Kadın Ligleri Statüsü md. 9/3 uyarınca “Kadın Liglerinde oynayacak futbolcuların lisans ve transfer işlemleri, bu statüde belirlenen hususlar saklı kalmak koşuluyla, Amatör Futbolcu Lisans ve Transfer Talimatı ve 2024-2025 Sezonu Amatör Futbol Liglerinde Uygulanacak Esaslar uyarınca yapılır.”

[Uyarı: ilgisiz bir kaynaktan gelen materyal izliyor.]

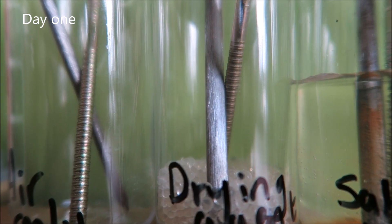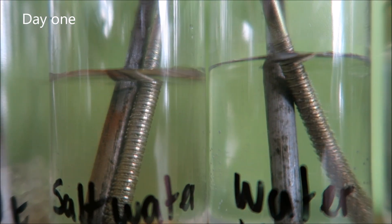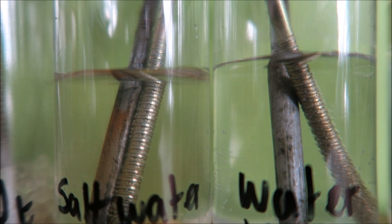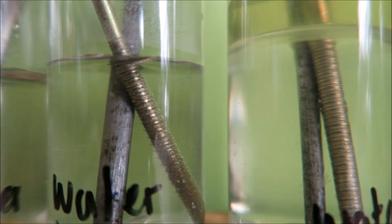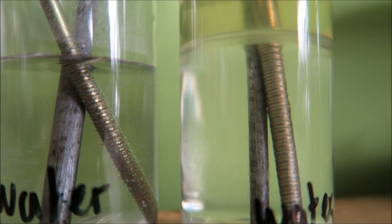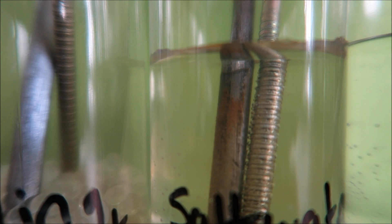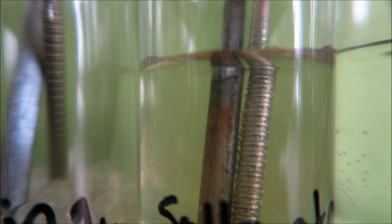Day one and we can see that the air and drying agent look pretty clean. But the one in salt water and the one in water have already started to go quite rusty. This is quite a surprise - I didn't think they would go rusty this quickly. The one in salt water is really starting to go quite rusty, whereas the galvanised nail in there isn't.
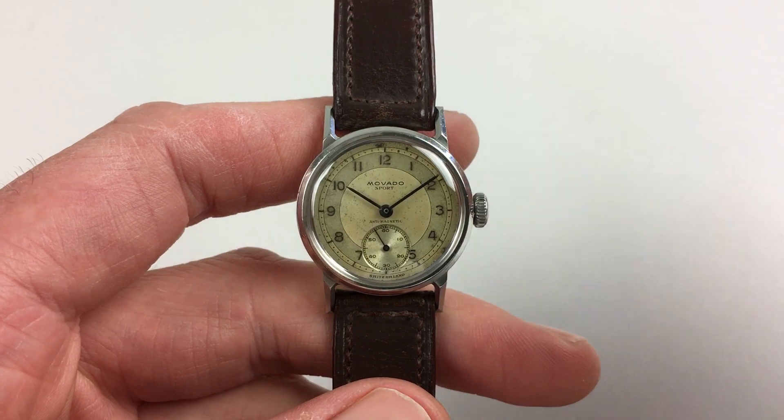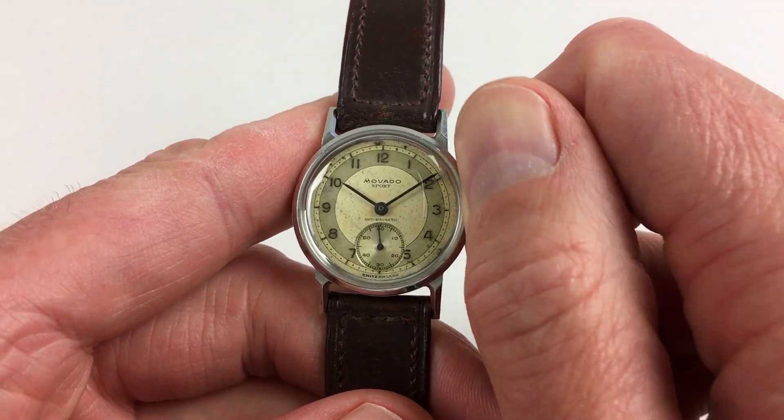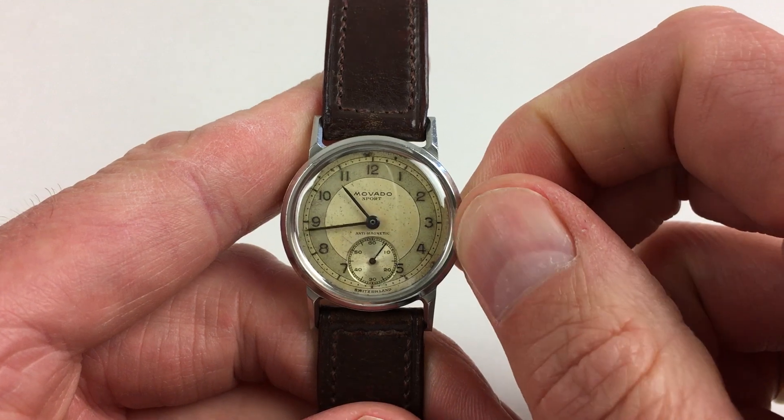As a manually wound model, this watch requires winding when being worn. To achieve this, turn the crown away from the wearer until the spring feels tight. Hand setting is adjusted in the normal manner — just pull the crown out and turn the hands to the desired time.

Ülkemizde kadın futbolu tamamen amatör statüdedir. TFF mevzuatına göre “amatör futbolcu”, futbol faaliyetlerine katılım için gerekli zorunlu masraflar (konaklama, malzeme, sigorta, antrenman giderleri) dışında herhangi bir ücret almayan futbolcudur. Kadın futbol liglerindeki oyuncular bu tanım gereği profesyonel sözleşme yapamazlar. Bu durum, kadın futbolcular ile kulüpleri arasında klasik anlamda “ücret alacağı” doğuran bir sözleşme ilişkisinin bulunmadığı anlamına gelir. Sadece yol, konaklama, prim gibi ödemeler yapılabilir; düzenli maaş ya da fesih tazminatı gibi talepler amatör statüde söz konusu değildir. Ancak uygulamada kadın futbolcular ile kulüpler arasında imzalanan sözleşmelerde farklı adlar altında alacakların ödenmesini kararlaştırıldığı görülmektedir. Bir kadın futbolcu, bu alacaklarının ödenmemesi sebebiyle ilgili kulübe alacak davası açabilecektir.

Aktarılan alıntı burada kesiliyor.